もう一度抱いて
別れない理由



キョウセイの言った言葉を、頭の中で繰り返す。


だけど、なんだかよくわからない。


「覚えて…る…?」


思わず首を傾げれば、キョウセイはゆっくり頷いた。


「うそ…。

あの時、キョウセイ覚えてないって…」


「それは、永瀬が忘れて欲しいって言ったから…。

だから俺も、覚えてないフリをした方がいいのかと思って…」


そ…んな。


てっきり私だけがあの日のことを覚えているんだと。


「俺だって、ずっと忘れられなかった…。

むしろ、忘れようとは思わなかった…」


まだ夏の名残りのある風が、キョウセイのサラサラな髪を揺らす。


その髪の隙間から見えるキョウセイの瞳は、いつになく真剣に私を真っ直ぐに捉えていた。


「俺には彼女がいる。
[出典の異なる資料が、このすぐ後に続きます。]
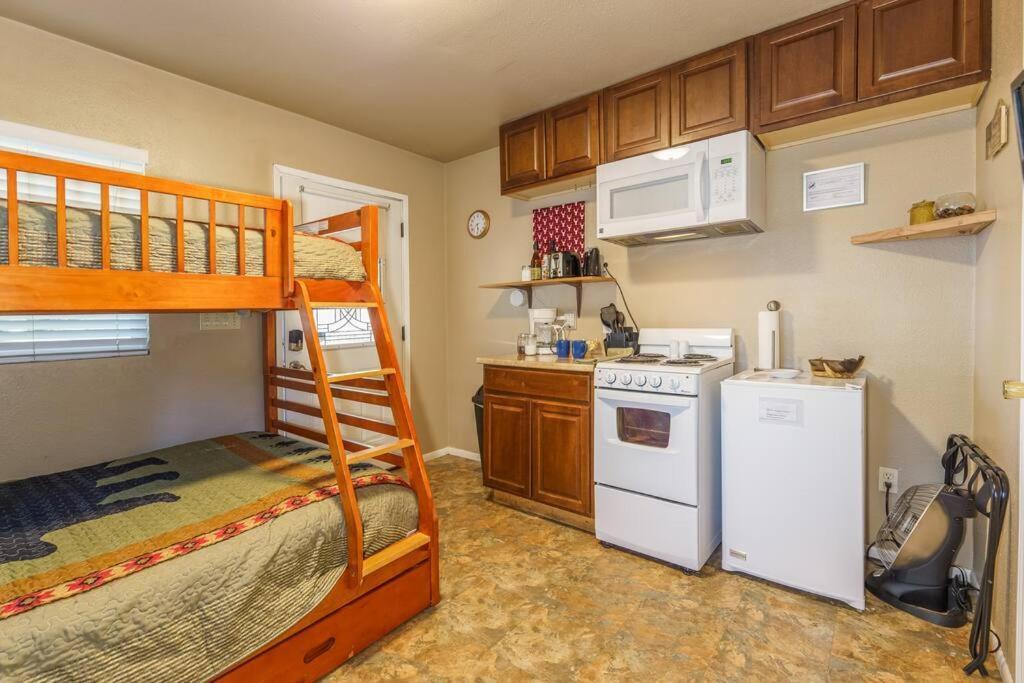 Acorn Cottage - Hidden Gem In Green Heaven, Getaway To Bass Lake & Yosemite オークハースト エクステリア 写真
それは事実だけど…」


キョウセイは私の腕を掴んでいた手を離すと、今度は私の手を取った。


「それでもあの時、キスしたいと思ったし、抱きたいと思った…」


静かに、だけど力を持って、キョウセイは言葉を紡いだ。


キュッと胸の奥が音を立てる。


繋いでいる左手が、微かに震えてしまう。


「好きって言ってくれて、嬉しかった。

恋人がいる俺を、好きって言ってくれて…」


キョウセイの声が少し震えている。


その目尻に、少し光るものがあることにも私は気づいていた。


「こんな俺だけど、ね」


「ん…?」


「伝えても…いいか…?」


キョウセイがあまりに苦しそうで、私の目にも涙が滲んでしまう。


コクリ頷いたら、


キョウセイはゆっくりと目を閉じた。